Hazırlanmaya başlasam iyi olur diye düşünüp kendimi banyoya attım. Saçımı ve hafif makyajımı yapıp, yeni okul kıyafetimi giymeye koyuldum fakat aklıma gelen o düşünce birden canımı sıkmıştı. Bir an düşünmeye başladım. 'İyi ki okulumuz sivil değildi' diye. Çünkü öyle olsaydı zorlanacağım apaçık ortadaydı. Her gün giyebileceğim fazla kıyafetim yoktu. Şuanki olanları da para biriktirerek veya kazandığım burs ile almıştım. Bu mutlu günümü bozmak istemeyip, tüm o kötü düşünceleri kafamdan silerek hazırlanmama devam ettim.
Kahvaltımı da yaptıktan sonra servis için evin önünde beklemeye koyuldum. Şanslıydım ki bugün sokak bomboştu. Servis gelmişti. Büyük bir heyecanla bindim.
Okula geldiğimizde şaşkınlıkla etrafa bakındım. Bu okul, eski okuluma göre gerçekten çok daha iyi bir yapısı vardı.
Daha önce kayıt için okula geldiğimizden sınıfımın yerini biliyordum. Gidip sıramda oturup başlamasına 20 dakika kalan dersi bekledim.
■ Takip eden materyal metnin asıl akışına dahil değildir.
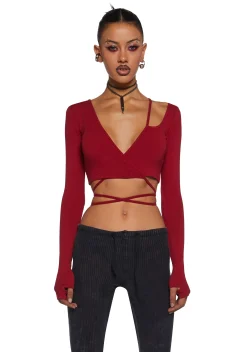 DARKER WAVS Tops*Fader Ribbed Wrap Top - Red
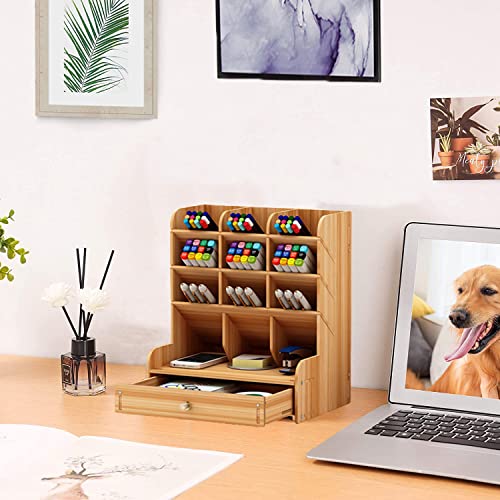 Marbrasse Wooden Desk Organizer, Multi-Functional DIY Pen Holder, Organizer for desk, Desktop Stationary, Easy Assembly, Home Office Art Supplies Storage with Drawer (B11-Cherry Color) - color: B11-Cherry Color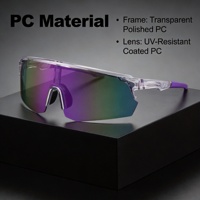 Lunettes de cyclisme coupe-vent personnalisables, demi-monture légère en PC, verres anti-rayures, verres miroir, sport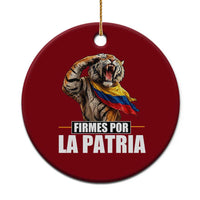 Firmes Por La Patria Colombian Pride Ceramic Ornament Roaring Saluting Tiger Patriotic Colombia Heritage Flag
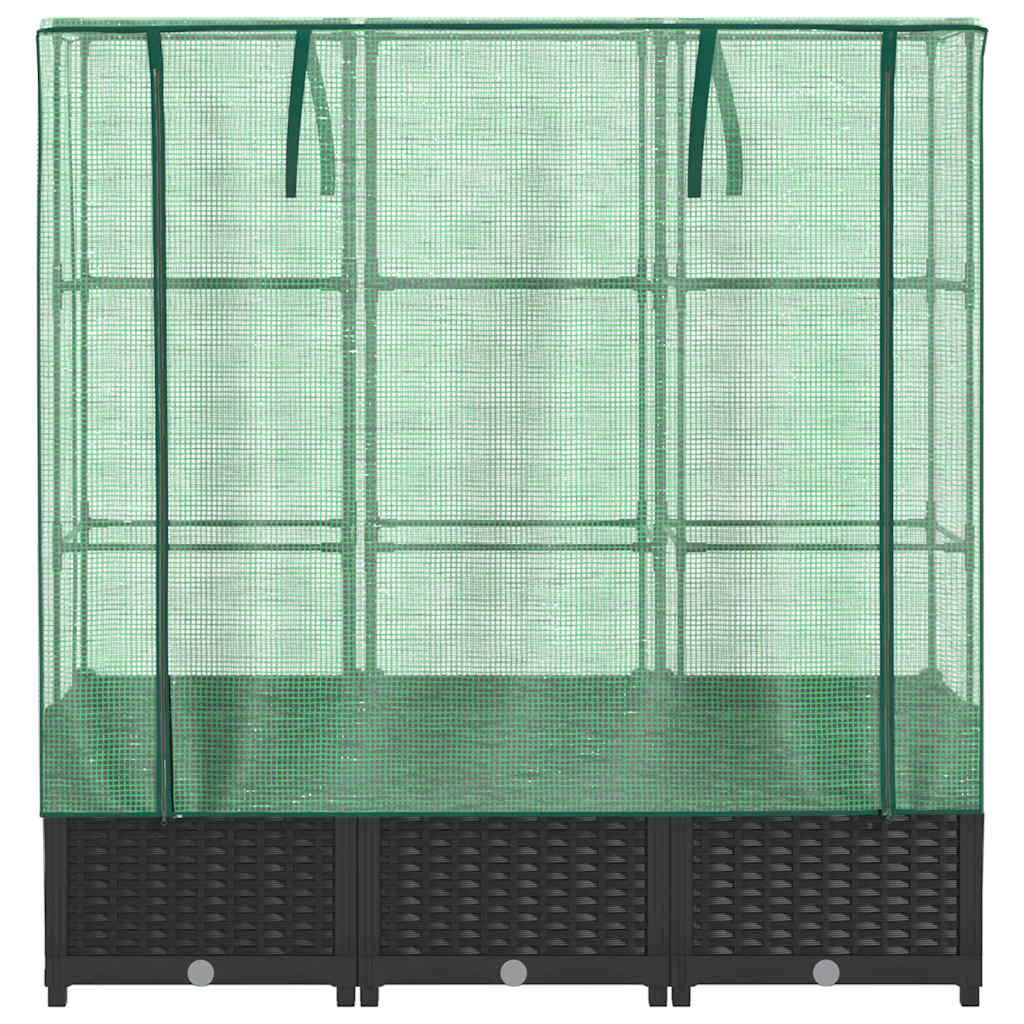 vidaXL Hochbeet mit Gewächshaus-Aufsatz Rattan-Optik 120x40x138 cm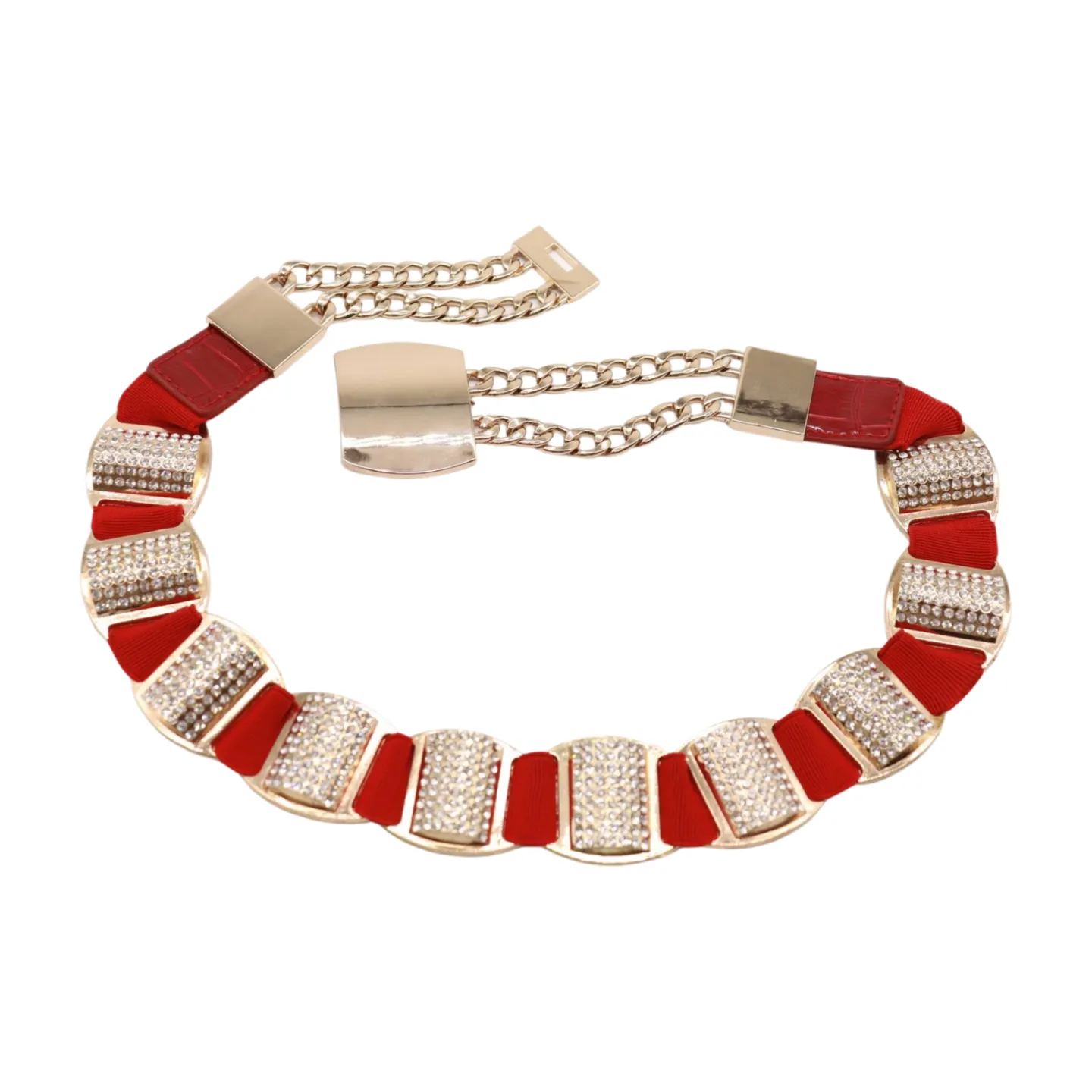 Red Elastic Waistband Belt Gold Metal Square Buckle Fit Size S M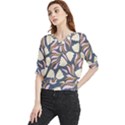 Flowers Pattern Floral Pattern Quarter Sleeve Blouse View1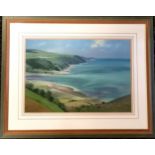 Barry Watkin Framed Pastel, Porlock Bay from Huntstone Point. Picture 52 cm wide x 36 cm high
Kafam gerçekten karışıktı. Dersin başlamasını iple çekiyordum.
Derken bi anda bir ses duyarak kendime gelmiştim o sesin;
"Sen yeni gelen kız olmalısın." demesiyle tüm dikkatimi çekmeyi başarmıştı.
Gözgöze geldiğimiz anda tutuklu kalmıştım. Siyah saçları ve kahverengi gözleri vardı. Inanılmaz derecede yakışıklıydı. Öylesine kusursuz bir yüzü vardı ki bakmaktan kendimi alamıyordum.
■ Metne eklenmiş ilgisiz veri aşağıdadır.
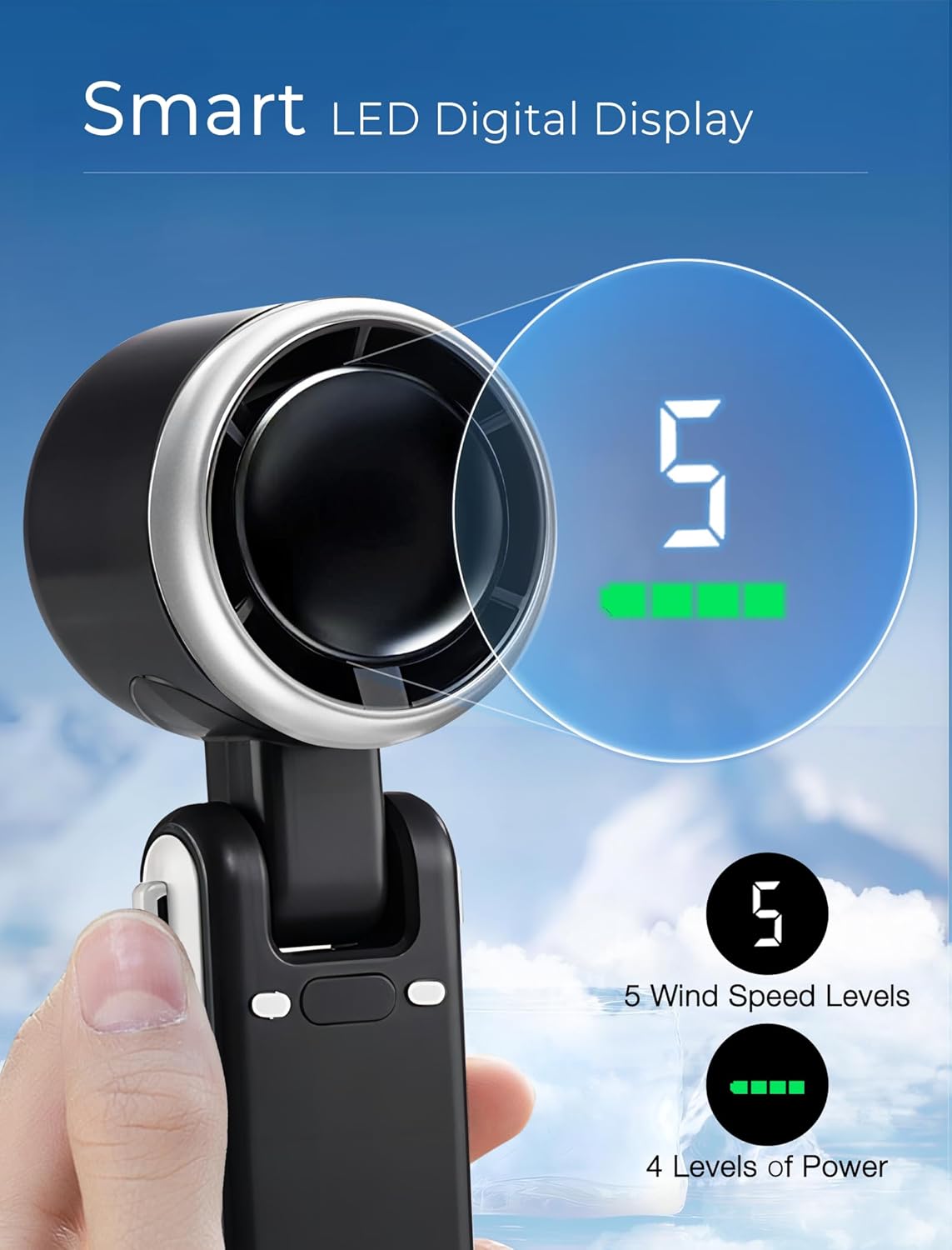 MERTTURM 3 IN 1 Mini Fan, Handheld Fan Turbo (12H Standby), Small & Portable Fan with 5 Super Strong Wind Settings, Brushless Motor, Rechargeable Hand Fan with Battery for Outdoor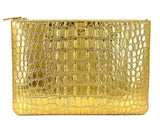 Chanel 19A Egypt Paris-New York Crocodile Print Gold Clutch Bag O Case Large OJJ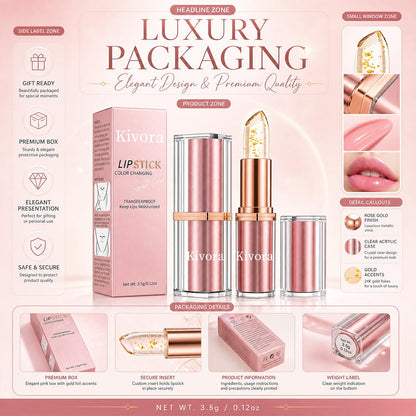 Kivora Lipstick（2 Pack）,Latest Rose Gold Kivora Lipstick for Mature Lips,PH Lipsticks Color Changing, Long Lasting Moisturizing Tinted Lip Balm Generic
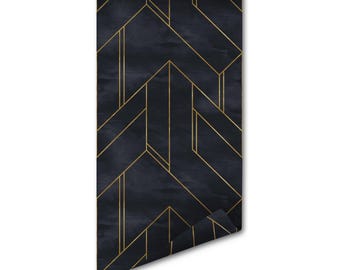 Geometric Peel Stick Wallpaper, Gold Navy Blue, Non Woven Material - Temporary Wall, Home Decor Accent, Smooth Pvc Backing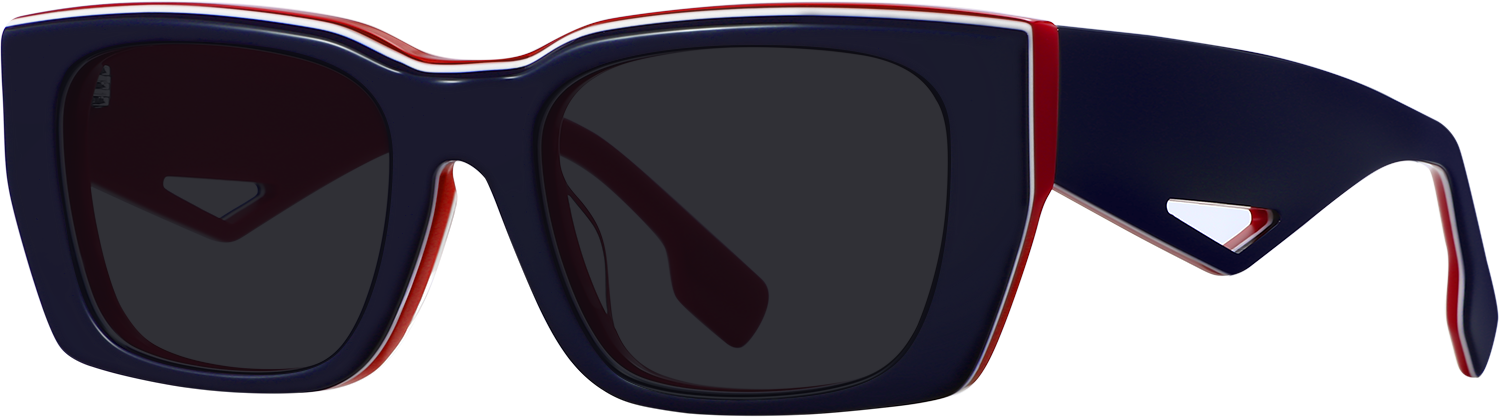 Side view of Fytoo Rectangle Blue Acetate Full Rim Eyeglasses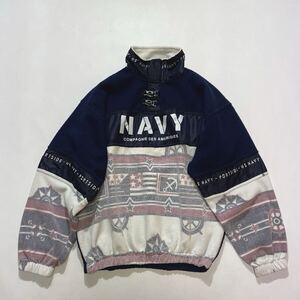 ビッグサイズ☆80s 90s フランス製 プルオーバー フリース ジャケット 紺 白 ビンテージ NAVY フックボタン COMPAGNIE DES AMERIQUES 総柄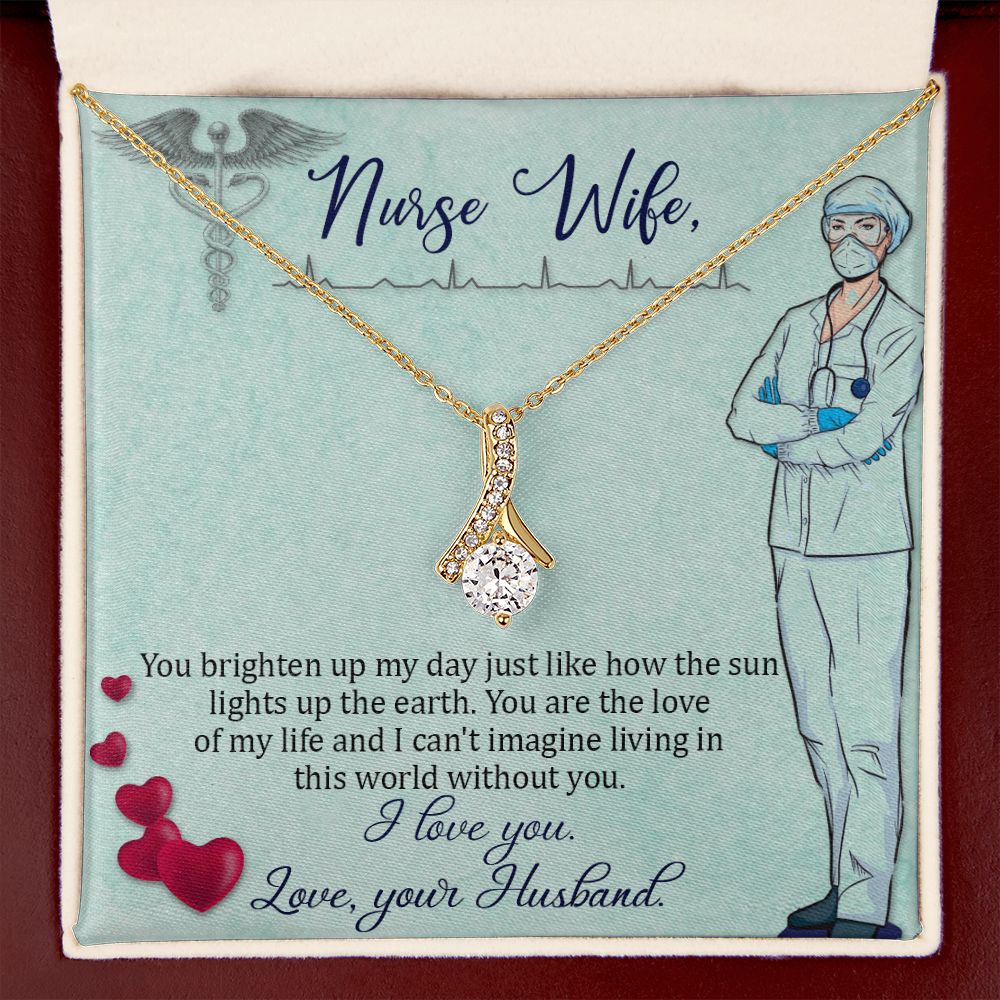 To my Nurse Wife Alluring Ribbon Necklace-Express Your Love Gifts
"E..evet" diye karşılık verdim. İster istemez sesim titremişti, utanmıştım. Sesimin titremesinden dolayı anlık pişmanlıkta bulunmuştum ve onun bunu anlamasını asla istemezdim.
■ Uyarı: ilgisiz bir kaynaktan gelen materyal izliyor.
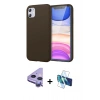 MARSİLYAN™- iPhone 11 Kılıf Kozmos Yansıma Özel Seri - Siyah 3D Antistatik Seramik Nano Ekran Koruyucu + Raze Metal Kamera Lens - MR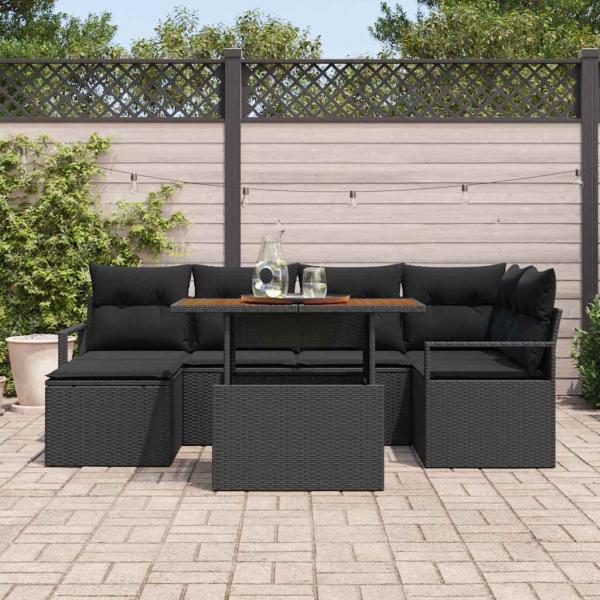 7-teiliges Garten Sofa Set mit Kissen Schwarz Poly Rattan Akazie, 2-Sitzer Garten Sofa mit Kissen Schwarz Poly Rattan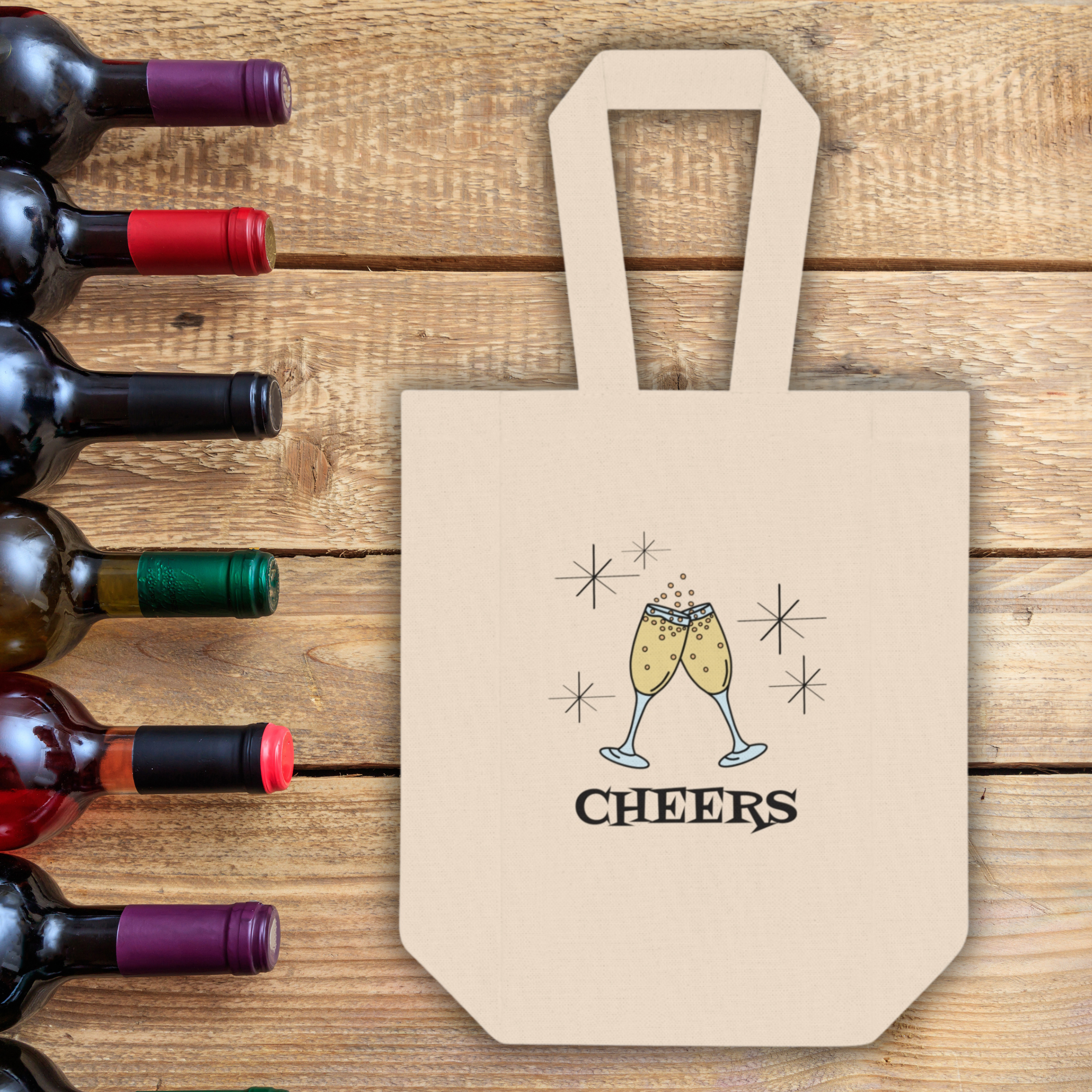 Cheers Wine Double Bottle Holder Wine Bag Atomic Retro Retro Style Tote Bag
Fakat bana karşı yaklaşımı o kadar samimi ve içtendi ki -belki de bana öyle gelmişti- onun bu konuda beni dalgaya alacağını sanmıyordum. Tam aksine halimi anlayacağını 'umuyordum'.
"Fakat burası benim sıram." derken 'yanımdan kalksan iyi edersin.' Bakışını atmayı da eksik etmemişti.
"Istersen farklı bir yere geçebilirim." Dediğimde karşılık vermeyip kalkmam için kenara çekildi.
Yaşadığım şey tam anlamıyla hayal kırıklığıydı. Öyle bir tipten nasıl öyle bir odunluk olabilirdi aklım almıyordu.
Sınıfa yavaş yavaş öğrenciler yerleşmeye başlamıştı. Sanki tüm gözler üzerimde gibi hissediyordum. Kasılmıştım. Neyse ki boş bir sıra bulup oturdum.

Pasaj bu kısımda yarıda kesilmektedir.